[Xastir] Some advice on a dedicated Xastir box please?
Curt Mills, WE7U
hacker at tc.fluke.com
Wed Apr 2 12:12:02 EST 2003
On Wed, 2 Apr 2003, Dick C. Reichenbach wrote:
> It's been a while, but if I remember correctly the 386SX's are 286
> pinout chips. They use the old 286 memory lines, so you can get away
> with using only 1 memory chip per bank, and the newer 386DX's use the 4
> chips per bank. I'm thinking you would need a bare minimum 386DX chip
> to run the Linux, seeing how it is a 32bit OS.
Nope. You can run a 386SX, which is the 16-bit I/O version of the
386DX. Sounds kind'a crazy to do that I know, but that was my first
386 computer of any kind at home, and it ran well. It was just much
slower because I/O took so much longer in/out of memory.
I'm sure that was a 20MHz model, but I think they could be found as
low as 16MHz. A 386SX-20 would be a good test to see if Xastir ran
on slow hardware though. I have enough spare parts.
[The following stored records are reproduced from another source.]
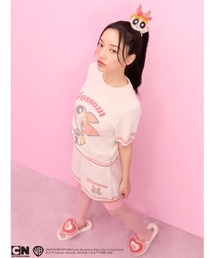 SNIDEL HOME（スナイデルホーム）の「【The Powerpuff Girls】ニットプルオーバー（ルームウェア/パジャマ）」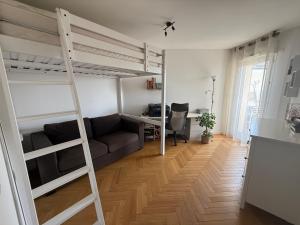 Aux portes de Genève - Chambre Individuelle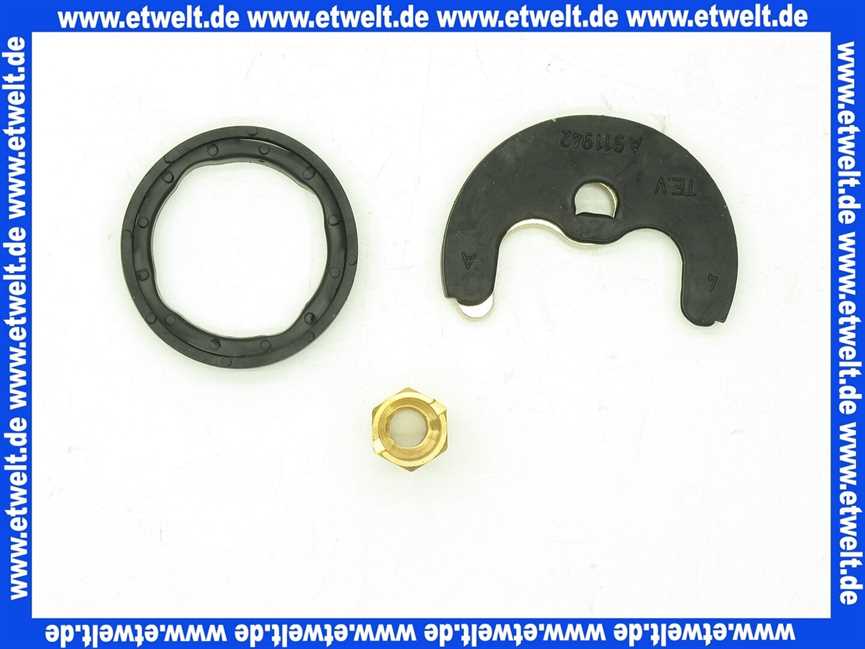 H960993NU Ideal Standard Befestigungssatz zu IQ Waschtisch Armatur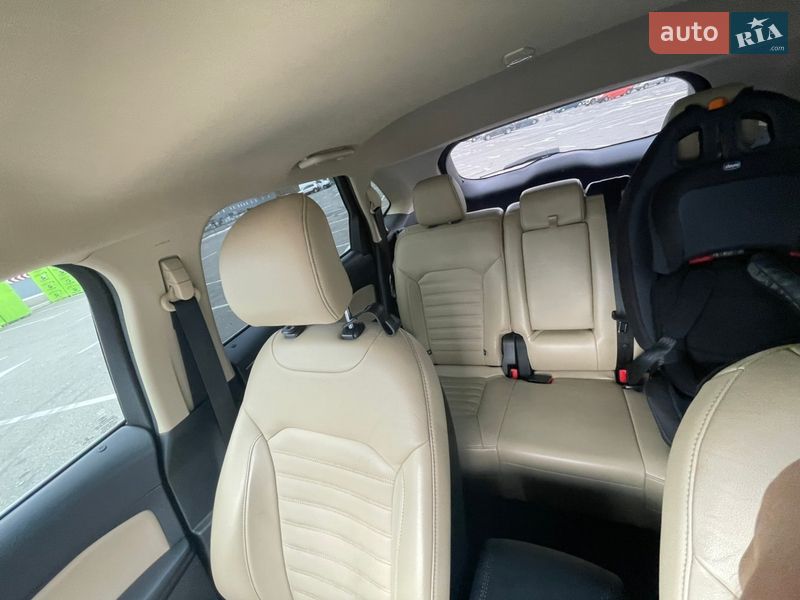 Внедорожник / Кроссовер Ford Edge 2015 в Киеве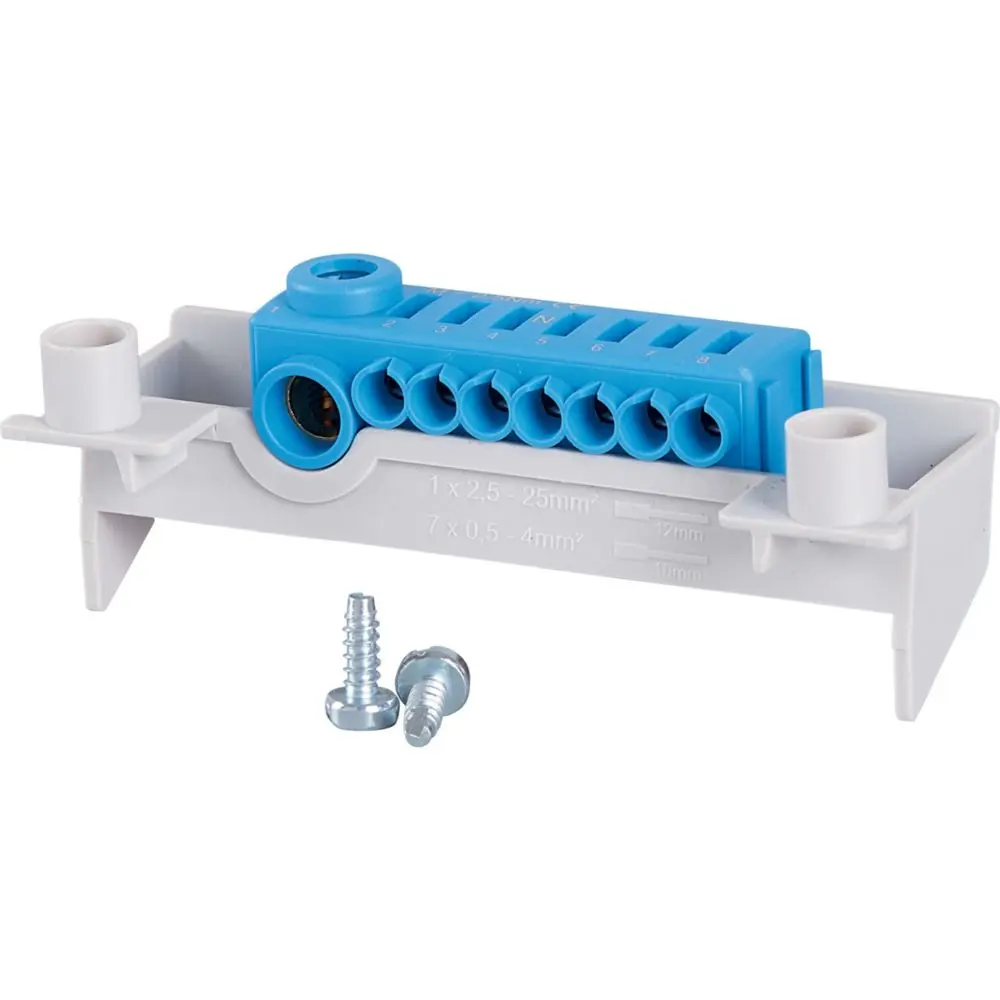 Produktfoto 1 von Eaton Anschlussklemme, 30 x 200 x 30mm xEnergy Safety Ci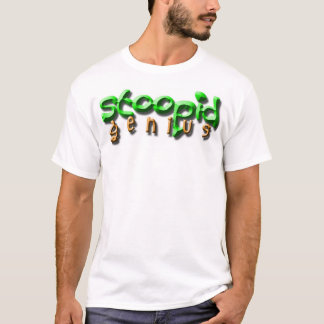 Stoopid Genius Sea Monkeys T-Shirt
Just put all
my carcasses together in the garage, and I have 10 cases out there,
most with motherboards still in them.
--
Curt Mills, WE7U hacker_NO_SPAM_ at tc.fluke.com
Senior Methods Engineer/SysAdmin
"Lotto: A tax on people who are bad at math!"
"Windows: Microsoft's tax on computer illiterates!" -- WE7U
"The world DOES revolve around me: I picked the coordinate system!"